CREATE VIEW ship_occupants AS
        SELECT * FROM (
                SELECT 'craftsmen' AS type, craftsmen.* FROM craftsmen
                UNION ALL
                SELECT 'impotenten' AS type, impotenten.* FROM impotenten
                UNION ALL
                SELECT 'passengers' AS type, passengers.* FROM passengers
                UNION ALL
                SELECT 'seafarers' AS type, seafarers.* FROM seafarers
                UNION ALL
                SELECT 'soldiers' AS type, soldiers.* FROM soldiers
                UNION ALL
                SELECT 'total' AS type, total.* FROM total
        ) AS ship_occupants_table;

The newly created view will show in the list of database objects when executing \d:

TABLE  voc.craftsmen
TABLE  voc.impotenten
TABLE  voc.invoices
TABLE  voc.passengers
TABLE  voc.seafarers
VIEW   voc.ship_occupants
TABLE  voc.soldiers
TABLE  voc.total
TABLE  voc.voyages

The same statements used to query a table apply to a view. To showcase this, let's calculate the number of people recorded in each group of occupants via the following statement:

SELECT type, COUNT(*) AS total FROM ship_occupants GROUP BY type ORDER BY type;

This should lead to the following output:

+------------+-------+
| type       | total |
+============+=======+
| craftsmen  |  2349 |
| impotenten |   938 |
| passengers |  2813 |
| seafarers  |  4468 |
| soldiers   |  4177 |
| total      |  2467 |
+------------+-------+
6 tuples

To verify the accuracy of the view, let's calculate the number of passengers via the original 'passengers' table:

SELECT count(*) FROM passengers;

You should receive the following output:

+------+
| %1   |
+======+
| 2813 |
+------+
1 tuple

Session termination and logins

To terminate the connection to the server, execute \q or press Ctrl + d. This will return your session to the regular shell terminal.

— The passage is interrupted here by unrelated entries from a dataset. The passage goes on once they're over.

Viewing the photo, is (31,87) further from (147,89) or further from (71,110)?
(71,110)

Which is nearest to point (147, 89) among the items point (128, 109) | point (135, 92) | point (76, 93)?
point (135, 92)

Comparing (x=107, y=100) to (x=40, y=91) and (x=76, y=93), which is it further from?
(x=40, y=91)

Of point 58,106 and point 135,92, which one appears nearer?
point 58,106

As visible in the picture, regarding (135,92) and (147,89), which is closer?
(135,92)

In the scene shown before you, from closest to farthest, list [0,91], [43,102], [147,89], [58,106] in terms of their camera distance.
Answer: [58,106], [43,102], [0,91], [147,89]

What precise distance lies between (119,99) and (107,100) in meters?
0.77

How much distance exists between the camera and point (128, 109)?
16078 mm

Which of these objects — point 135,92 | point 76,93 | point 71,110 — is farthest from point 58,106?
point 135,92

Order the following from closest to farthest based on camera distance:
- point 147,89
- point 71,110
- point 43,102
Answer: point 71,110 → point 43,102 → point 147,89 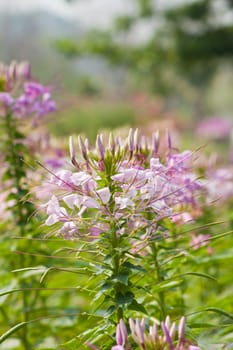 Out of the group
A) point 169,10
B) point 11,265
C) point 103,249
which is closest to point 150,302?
point 103,249

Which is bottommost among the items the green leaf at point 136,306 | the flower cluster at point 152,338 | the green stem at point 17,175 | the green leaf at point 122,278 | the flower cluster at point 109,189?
the flower cluster at point 152,338

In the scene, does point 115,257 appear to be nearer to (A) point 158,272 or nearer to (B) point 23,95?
(A) point 158,272

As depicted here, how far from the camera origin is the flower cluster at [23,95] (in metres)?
2.20

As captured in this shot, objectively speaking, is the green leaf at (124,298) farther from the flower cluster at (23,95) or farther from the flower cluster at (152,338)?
the flower cluster at (23,95)

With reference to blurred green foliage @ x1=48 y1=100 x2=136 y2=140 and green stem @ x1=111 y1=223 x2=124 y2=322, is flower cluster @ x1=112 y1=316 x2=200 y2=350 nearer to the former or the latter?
green stem @ x1=111 y1=223 x2=124 y2=322

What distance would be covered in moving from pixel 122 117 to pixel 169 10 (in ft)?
13.3

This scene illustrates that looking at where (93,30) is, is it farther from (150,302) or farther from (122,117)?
(150,302)

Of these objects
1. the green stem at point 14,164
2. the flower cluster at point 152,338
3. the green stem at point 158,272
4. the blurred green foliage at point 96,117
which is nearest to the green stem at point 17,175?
the green stem at point 14,164

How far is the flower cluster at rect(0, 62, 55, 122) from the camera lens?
2199 millimetres

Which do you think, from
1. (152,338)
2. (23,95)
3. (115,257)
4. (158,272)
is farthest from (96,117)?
(152,338)

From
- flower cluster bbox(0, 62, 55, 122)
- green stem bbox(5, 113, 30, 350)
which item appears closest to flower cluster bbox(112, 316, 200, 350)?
green stem bbox(5, 113, 30, 350)

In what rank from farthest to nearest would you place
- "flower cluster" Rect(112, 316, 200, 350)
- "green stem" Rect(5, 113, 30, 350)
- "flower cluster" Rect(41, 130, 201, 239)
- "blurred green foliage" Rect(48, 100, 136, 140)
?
"blurred green foliage" Rect(48, 100, 136, 140) < "green stem" Rect(5, 113, 30, 350) < "flower cluster" Rect(41, 130, 201, 239) < "flower cluster" Rect(112, 316, 200, 350)

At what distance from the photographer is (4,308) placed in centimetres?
238

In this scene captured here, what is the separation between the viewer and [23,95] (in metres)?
2.23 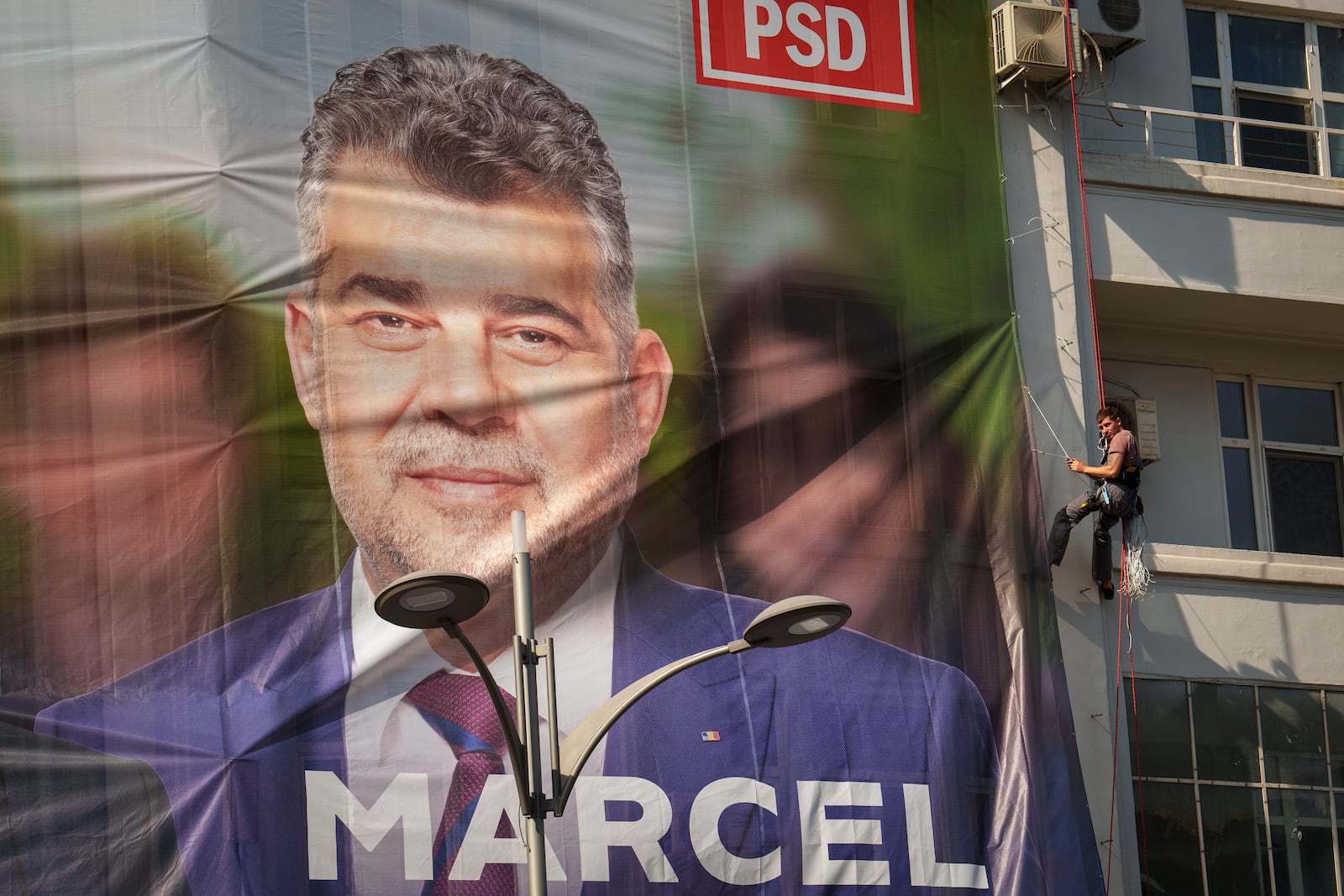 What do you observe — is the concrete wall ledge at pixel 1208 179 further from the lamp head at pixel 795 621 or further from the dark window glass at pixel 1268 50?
the lamp head at pixel 795 621

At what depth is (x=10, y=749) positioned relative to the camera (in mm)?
9438

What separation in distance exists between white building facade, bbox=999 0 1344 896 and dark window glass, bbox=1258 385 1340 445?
0.06ft

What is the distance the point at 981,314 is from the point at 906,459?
119 cm

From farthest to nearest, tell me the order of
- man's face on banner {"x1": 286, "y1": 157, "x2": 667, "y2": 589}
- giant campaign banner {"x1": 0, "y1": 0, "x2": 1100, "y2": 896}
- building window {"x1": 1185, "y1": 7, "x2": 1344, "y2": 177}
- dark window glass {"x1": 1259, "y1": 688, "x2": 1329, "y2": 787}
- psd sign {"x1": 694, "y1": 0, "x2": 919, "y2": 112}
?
building window {"x1": 1185, "y1": 7, "x2": 1344, "y2": 177} → dark window glass {"x1": 1259, "y1": 688, "x2": 1329, "y2": 787} → psd sign {"x1": 694, "y1": 0, "x2": 919, "y2": 112} → man's face on banner {"x1": 286, "y1": 157, "x2": 667, "y2": 589} → giant campaign banner {"x1": 0, "y1": 0, "x2": 1100, "y2": 896}

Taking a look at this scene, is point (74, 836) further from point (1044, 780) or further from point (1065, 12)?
point (1065, 12)

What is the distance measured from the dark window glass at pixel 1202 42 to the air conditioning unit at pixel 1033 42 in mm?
1767

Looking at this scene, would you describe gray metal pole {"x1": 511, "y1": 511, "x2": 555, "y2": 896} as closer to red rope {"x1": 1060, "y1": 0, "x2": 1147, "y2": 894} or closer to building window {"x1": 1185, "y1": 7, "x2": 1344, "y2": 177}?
red rope {"x1": 1060, "y1": 0, "x2": 1147, "y2": 894}

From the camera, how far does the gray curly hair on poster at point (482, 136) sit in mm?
11164

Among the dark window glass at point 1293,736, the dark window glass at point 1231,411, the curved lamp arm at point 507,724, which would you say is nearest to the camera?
the curved lamp arm at point 507,724

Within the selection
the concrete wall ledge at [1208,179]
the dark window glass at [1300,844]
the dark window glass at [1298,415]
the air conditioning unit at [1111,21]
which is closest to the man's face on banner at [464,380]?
the concrete wall ledge at [1208,179]

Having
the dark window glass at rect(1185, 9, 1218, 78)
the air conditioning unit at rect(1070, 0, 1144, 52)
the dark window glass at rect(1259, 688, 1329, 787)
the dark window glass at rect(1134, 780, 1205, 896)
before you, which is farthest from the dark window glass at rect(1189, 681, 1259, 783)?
the dark window glass at rect(1185, 9, 1218, 78)

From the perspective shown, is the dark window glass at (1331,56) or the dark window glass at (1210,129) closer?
the dark window glass at (1210,129)

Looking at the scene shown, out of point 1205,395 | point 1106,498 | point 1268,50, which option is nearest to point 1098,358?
point 1106,498

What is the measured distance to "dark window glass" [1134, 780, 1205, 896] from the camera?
11.9 metres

Next time you wish to interact with the 'voc' database, you can execute the command mclient -u voc -d voc in the shell and enter the password voc when prompted. This will return you to the same session as used in this tutorial.

Alternatively, login credentials can be saved in the .monetdb file in your home directory. Using your preferred text editor, copy and paste the following text into ~/.monetdb:

user=voc
password=voc

From now on, executing mclient -d voc will automatically start the interactive terminal for the database 'voc' as user 'voc' without a password prompt.

Endnote

While you should now have a good overview of the MonetDB suite and its capabilities, we encourage you to experiment and play around with the VOC (or other) datasets to further your understanding of MonetDB/SQL. We hope this tutorial has been informative and that you will be able solve your database challenges with MonetDB!